Moderato perchè gli estremismi non vincono. Federatore perchè necessita di uno sforzo inclusivo senza precedenti. Infatti, le ultime elezioni amministrative hanno dimostrato tre cose. La prima: senza il centro – dove per centro è intesa quell’area politica che attualmente parte da dove finisce il Pd e finisce dove c’è Forza Italia – è destinato e non competere in quasi nessuna sfida decisiva. Né i ballottaggi né tanto meno vittorie a primo turno. Secondo: Il Partito Democratico ed il cosiddetto “Effetto Renzi” hanno esaurito la loro forza propulsiva in termini elettorali.
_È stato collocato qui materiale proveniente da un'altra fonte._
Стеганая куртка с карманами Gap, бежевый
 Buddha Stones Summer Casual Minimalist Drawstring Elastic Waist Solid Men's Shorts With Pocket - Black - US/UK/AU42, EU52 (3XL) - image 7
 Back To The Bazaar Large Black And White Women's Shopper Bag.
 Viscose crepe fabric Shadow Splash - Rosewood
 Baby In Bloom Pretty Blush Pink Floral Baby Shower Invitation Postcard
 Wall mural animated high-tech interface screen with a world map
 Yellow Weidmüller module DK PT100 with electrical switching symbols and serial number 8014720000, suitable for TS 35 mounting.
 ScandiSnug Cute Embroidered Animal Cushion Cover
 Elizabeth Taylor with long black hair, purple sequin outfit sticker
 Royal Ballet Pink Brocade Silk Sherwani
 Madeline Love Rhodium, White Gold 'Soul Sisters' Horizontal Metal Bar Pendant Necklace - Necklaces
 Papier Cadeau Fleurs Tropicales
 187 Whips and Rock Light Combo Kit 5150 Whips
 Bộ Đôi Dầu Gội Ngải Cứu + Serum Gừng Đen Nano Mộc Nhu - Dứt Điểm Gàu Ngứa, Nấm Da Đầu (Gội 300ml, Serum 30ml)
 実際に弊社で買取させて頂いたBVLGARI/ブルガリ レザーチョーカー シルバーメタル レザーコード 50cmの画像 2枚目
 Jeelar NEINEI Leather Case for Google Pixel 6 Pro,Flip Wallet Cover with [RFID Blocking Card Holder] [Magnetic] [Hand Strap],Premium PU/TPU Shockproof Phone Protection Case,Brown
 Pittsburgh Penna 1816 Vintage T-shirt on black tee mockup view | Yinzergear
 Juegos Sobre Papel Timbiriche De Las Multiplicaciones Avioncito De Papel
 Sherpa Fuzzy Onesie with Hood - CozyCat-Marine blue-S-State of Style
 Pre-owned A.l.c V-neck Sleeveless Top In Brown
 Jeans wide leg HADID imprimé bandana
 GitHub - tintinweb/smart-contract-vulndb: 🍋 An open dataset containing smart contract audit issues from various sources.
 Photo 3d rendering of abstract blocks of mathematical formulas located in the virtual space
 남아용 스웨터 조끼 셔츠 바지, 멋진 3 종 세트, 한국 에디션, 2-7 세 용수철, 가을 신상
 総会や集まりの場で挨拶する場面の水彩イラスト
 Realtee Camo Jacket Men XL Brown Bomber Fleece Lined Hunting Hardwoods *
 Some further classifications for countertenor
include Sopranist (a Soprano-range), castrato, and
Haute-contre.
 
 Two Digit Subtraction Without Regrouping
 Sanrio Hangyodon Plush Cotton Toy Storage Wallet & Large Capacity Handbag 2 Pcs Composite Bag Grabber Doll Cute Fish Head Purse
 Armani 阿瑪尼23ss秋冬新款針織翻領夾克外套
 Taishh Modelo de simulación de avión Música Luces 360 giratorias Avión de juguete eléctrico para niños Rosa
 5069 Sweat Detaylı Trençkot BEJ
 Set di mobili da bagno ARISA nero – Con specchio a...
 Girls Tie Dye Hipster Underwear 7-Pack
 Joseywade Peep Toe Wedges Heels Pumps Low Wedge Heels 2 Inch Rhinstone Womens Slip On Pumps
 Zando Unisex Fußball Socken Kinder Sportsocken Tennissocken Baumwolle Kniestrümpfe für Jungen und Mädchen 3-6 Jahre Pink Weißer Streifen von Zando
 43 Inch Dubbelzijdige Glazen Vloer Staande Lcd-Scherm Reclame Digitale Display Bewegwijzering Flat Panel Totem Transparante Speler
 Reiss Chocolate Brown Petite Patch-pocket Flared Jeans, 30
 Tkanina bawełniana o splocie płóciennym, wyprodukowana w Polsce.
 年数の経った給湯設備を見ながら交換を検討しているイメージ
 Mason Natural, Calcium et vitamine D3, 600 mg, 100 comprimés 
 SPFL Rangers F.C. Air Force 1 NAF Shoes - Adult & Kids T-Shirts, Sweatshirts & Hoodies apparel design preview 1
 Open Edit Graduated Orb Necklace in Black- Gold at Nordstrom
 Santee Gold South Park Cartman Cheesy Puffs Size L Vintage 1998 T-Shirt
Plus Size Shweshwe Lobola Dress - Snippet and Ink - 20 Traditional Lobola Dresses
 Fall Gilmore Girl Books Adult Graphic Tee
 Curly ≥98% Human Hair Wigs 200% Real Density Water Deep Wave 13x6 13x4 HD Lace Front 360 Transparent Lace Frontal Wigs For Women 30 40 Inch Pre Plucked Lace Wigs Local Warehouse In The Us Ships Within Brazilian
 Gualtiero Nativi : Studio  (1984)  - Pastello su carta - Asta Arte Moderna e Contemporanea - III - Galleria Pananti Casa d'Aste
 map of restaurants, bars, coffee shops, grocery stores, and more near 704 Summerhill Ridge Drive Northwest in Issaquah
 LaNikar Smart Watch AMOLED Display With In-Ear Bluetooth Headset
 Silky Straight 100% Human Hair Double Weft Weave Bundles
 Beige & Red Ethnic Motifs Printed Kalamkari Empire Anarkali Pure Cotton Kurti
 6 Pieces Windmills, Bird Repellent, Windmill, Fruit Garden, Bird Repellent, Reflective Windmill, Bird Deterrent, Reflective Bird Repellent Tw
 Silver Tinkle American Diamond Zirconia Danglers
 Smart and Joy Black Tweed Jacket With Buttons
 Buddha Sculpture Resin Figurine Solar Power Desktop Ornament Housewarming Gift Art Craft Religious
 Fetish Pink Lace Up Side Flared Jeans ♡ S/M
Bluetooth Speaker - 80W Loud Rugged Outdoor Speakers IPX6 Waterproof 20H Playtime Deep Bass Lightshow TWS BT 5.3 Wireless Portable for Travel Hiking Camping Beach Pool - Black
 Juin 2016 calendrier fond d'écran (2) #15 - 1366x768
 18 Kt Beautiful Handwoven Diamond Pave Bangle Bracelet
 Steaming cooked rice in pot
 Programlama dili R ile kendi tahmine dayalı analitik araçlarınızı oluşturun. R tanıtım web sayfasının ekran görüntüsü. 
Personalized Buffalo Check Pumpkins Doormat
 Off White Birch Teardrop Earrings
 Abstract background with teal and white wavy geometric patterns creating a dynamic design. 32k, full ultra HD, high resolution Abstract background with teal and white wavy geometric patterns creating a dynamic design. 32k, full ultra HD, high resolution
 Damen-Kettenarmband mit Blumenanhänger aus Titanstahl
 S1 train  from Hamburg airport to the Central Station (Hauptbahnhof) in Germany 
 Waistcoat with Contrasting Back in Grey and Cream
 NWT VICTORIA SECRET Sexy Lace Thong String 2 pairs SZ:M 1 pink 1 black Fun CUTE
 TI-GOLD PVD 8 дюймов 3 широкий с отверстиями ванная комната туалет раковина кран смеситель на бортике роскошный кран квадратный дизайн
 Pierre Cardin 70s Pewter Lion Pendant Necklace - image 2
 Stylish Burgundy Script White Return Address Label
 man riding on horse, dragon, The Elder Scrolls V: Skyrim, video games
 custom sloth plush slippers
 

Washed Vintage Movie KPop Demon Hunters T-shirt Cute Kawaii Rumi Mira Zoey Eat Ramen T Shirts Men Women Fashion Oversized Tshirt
Sono ormai lontani i tempi del 40%, ed il presidente del Consiglio ha (almeno per il momento) definitivamente imboccato la sua fase calante. Terzo: Il M5S non è una forza politica imbattibile. E dove il centrodestra si struttura adeguatamente, è quest’ultimo a disputare i ballottaggi anziché i grillini, segno che la protesta monta dove regna l’incertezza e la confusione, mentre decollano le proposte politiche adeguatamente costituite e che garantiscono programmi all’altezza dei territori. E’ questo quello a cui deve puntare il centrodestra che verrà

Il centrodestra è già stato al Governo, certamente non avendo ottenuto il massimo dei risultati ma mettendo in campo le migliori risposte del momento storico in cui gli capitò di governare. Ed è altresì inutile tergiversare sulla presenza o meno di Berlusconi nell’agone politico: il Cavaliere riesce ancora a riscuotere un successo elettorale e carismatico determinante, lontano dalle ondate del 2008 ma pur sempre in grado di stabilire gli equilibri di un’area politica altamente competitiva, e pur sempre in grave affanno. Ad oggi i numeri danno ragione a tali conclusioni: Forza Italia vale il 12,2%, appaiato alla Lega di Salvini al 12,4%. Fratelli d’Italia è al 4,7% mentre Area Popolare, con il più dei suoi parlamentari in rientro verso casa base, data al 4,4%. Il Pd è attualmente al 29,8% ed il M5S al 30,6% (Ipsos per Corriere della Sera, 2 luglio 2016). Con questi numeri, e con il mantenimento dell’Italicum con premio alla lista anziché alla coalizione, nessuno dei tre blocchi vincerebbe a primo turno (la soglia è stabilita al 40%) e a disputare il ballottaggio sarebbero centrodestra contro centrosinistra (33,7% contro 28,8%, con 4,9 punti di distacco). Una condizione lusinghiera per il cosiddetto fronte moderato, che non deve lasciarsi ammaliare dalle sirene di Renzi sul Referendum costituzione di ottobre, che quasi certamente perderà; né dai personalismi e dai veti incrociati che hanno solo fatto del male ad un’area politica rappresentante di milioni di italiani, che schifati dai rimescolamenti di poltrone hanno finito per ingrossare irrimediabilmente l’astensione. Il centrodestra, questo centrodestra, sia quindi moderato e federatore. Premi l’aggregazione sui cosiddetti modelli Lombardia, Liguria ed infine Milano, quest’ultima una bandierina persa per esclusive responsabilità del candidato Stefano Parisi, reo di avere trasmesso ambiguità presso l’elettorato circa il “No” al Referendum ed in ultimo sulla vicinanza ai partiti che lo sostenevano.